We require contributors to sign a CLA before accepting pull requests to RethinkDB (http://github.com/rethinkdb/rethinkdb) for several (excellent) reasons, explained here: http://www.rethinkdb.com/community/cla/

We've found that it's a low hurdle for contributors-- it's a common attribute of most open source projects and helps avoid headaches of ownership later on down the road.

Essentially, no project wants the question of who owns contributed code to come up. The SCO-Linux controversy would have been avoided if a CLA had been in place, and since then they've become standard practice.


Searching for "sign cla", it appears to be a Contributor's License Agreement.



That is such a lazy and non-helpful answer, especially considering that the poster didn't just ask what it was.


The curious question is why certain projects have significantly lower pull-rates; I doubt the quality of the pull requests vary that widely across projects.

Is it that project leadership has a clear vision for a product and feel pull requests are a distraction? If so, share the vision and enlist willing developers to help achieve that vision.

Is it that project leadership has a high-standard for the codebase? If so, explicitly state the standard and provide constructive feedback to pulls that don't quite measure up.

I guess my point is: project leadership has the ability to leverage a tremendous pool of talent that is interested in their project using the pull request mechanism. It does take effort and planning but the net result is so worth it to all parties involved.


This is a complicated problem, and one that I'm excited to think could be improved in the coming years as Github et al have the time and resources to invest in it.

I have a few thoughts on the topic and on your comments:

1. I actually DO think that the quality of pull requests varies widely from project to project. You dismiss this in your first sentence but I don't think you should. I think there are a lot of reasons for this, but many can be reduced to: Some projects attract more inexperienced developers than others.

2. I don't think you can simply indict the project maintainers for not optimally leveraging the talent pool of volunteer contributors. While Open Source has been validated a million times over as a truly successful movement/concept/etc, nobody has ever accused it of being efficient. Specifically, most pull request submitters act on their own, without coordination between submitters or with project maintainers. It's not just an issue of coding standards, it's also things like the maintainers having a roadmap that includes bug fixes, refactoring, new features, etc, and that may conflict with Joe in Idaho and his pull request that he did to scratch his own specific itch.

In many ways community submitted pull requests are a "million monkeys at a million typewriters."

3. The most successful way of getting a pull request accepted, I think, is to first raise a discussion on the issue on the projects mailing list or issues forum. Link to your in-progress patch, say "I have this fix here for problem X, can anybody take a look and tell me if I'm on the wrong track with this?" So many of us are code-first, conversation-later types and that constantly conflicts with the social nature of our job.

I guess my takeaway here is that there is a lot of room for interesting technology solutions to this problem, in the areas of:

1. Tools that help maintainers cultivate the submitters talent pool on their project.

2. Tools and workflows that help submitters through coordination.
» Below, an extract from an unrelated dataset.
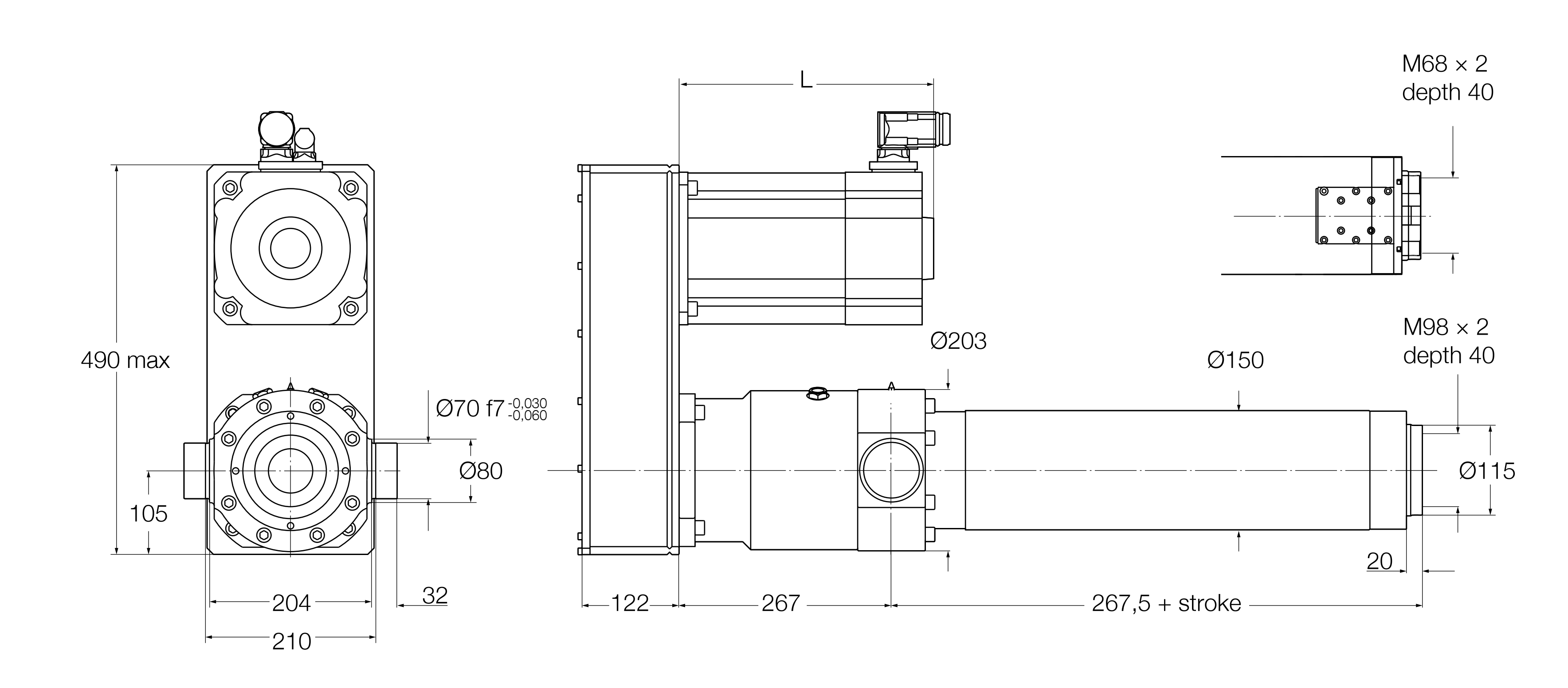 Xi lanh điện SRSA-60xx 6 SRSA-S-60xx parallel bản vẽ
Totally a half baked idea but suppose if I'm fixing a bug in a function somewhere, Github can help me discover what is happening to that function elsewhere. Maybe it's been radically changed in a feature branch owned by the project maintainers, maybe it's already been fixed nearly the same way by another submitter who has an open pull request, maybe it was already submitted by somebody and rejected.

3. Static analysis that can power those tools and more. Would love a meaningful quantative quality score on the pull request submission page. Like an additional tab beside the "Commits" and "Diff" tabs. Maybe it could run various analysis on the code and show formatting issues, known vulnerabilities, known bugs, etc. Obviously the abilities here vary from language to language.


> Some projects attract more inexperienced developers than others.

Fair.

> In many ways community submitted pull requests are a "million monkeys at a million typewriters."

I strongly disagree with this assertion. To argue that community cannot be lead or directed toward a common goal is very pessimistic. Sure, Joe in Idaho has a specific itch, but there's a good chance there is an opportunity to capture Joe's enthusiasm and willingness to do work on the project by working with him instead of treating him like a code-monkey at a keyboard. Community relations is hard because dealing with people is hard.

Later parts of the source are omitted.